What are the boundaries of this commandment? And what represents a violation of it?
As young children, it means to obey one’s parents, not to lie to them, to honor the rules of the house, to not do anything that would cause them grief or humiliation, etc…
But what for adults who have long since left the nest and have a family of their own?
I ask this because I have been accused of violating it by a sibling. While I stand firm in my choice, I want to make sure I’m not standing firmly on a dung heap. Here is a little background:
My sibling and I, both grown adults with families, had a debate over a “hot topic” in Church teaching. The sibling (after a couple rounds of healthy debate) finally rebuked me for my “false interpretation of Church teaching”.

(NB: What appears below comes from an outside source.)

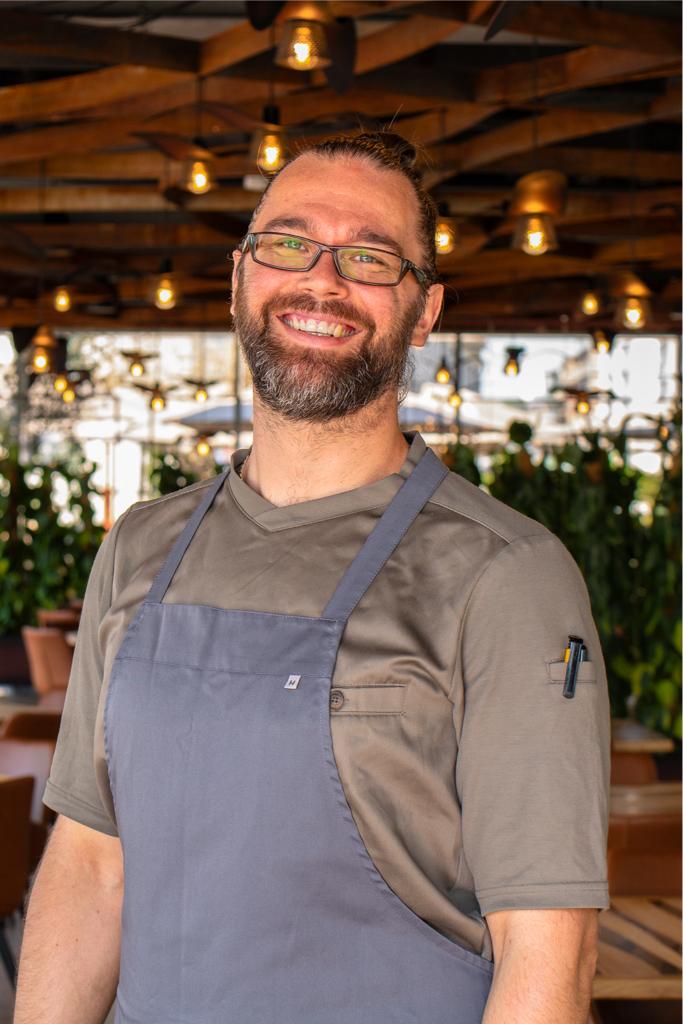a man wearing a apron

My spouse, reading this latest response was upset with the manner of that response, and sent my sibling a private email rebuking the behavior. My sibling, rather than responding back privately, took the issue to the entire family, demanding an explanation from me (sent to all other siblings (all adults) and parents) for my spouse’s chastisement.
I responded back to all that I supported it and that it was fully in line with the Church. And then I got bombarded with emails/phone calls belittling my spouse (“under attack from the devil”, “needs prayer”, brought into this family so we could pray for…”, “needs counseling”, etc…).
And now the actual issue I am inquiring about today: In response to what I perceived as disrespect to my spouse I drew a strict boundary. I pointed out to the family where I believed them to have been disrespectful to my spouse, either by action of lack of support (since this had now become a family-wide discussion at the liberty of my sibling). I demanded an apology and resolved to cut off all phone-communication until such apology was offered. I then privately contacted my parents and told them I was disappointed in their response and lack of response while my spouse was being singled out (that letter also pointed out issues from the past that had yet to be addressed by them regarding said sibling). I told my parents they owe my spouse an apology for being one-sided on the issue.
And that is when I was accused of violating “honor thy father and mother”.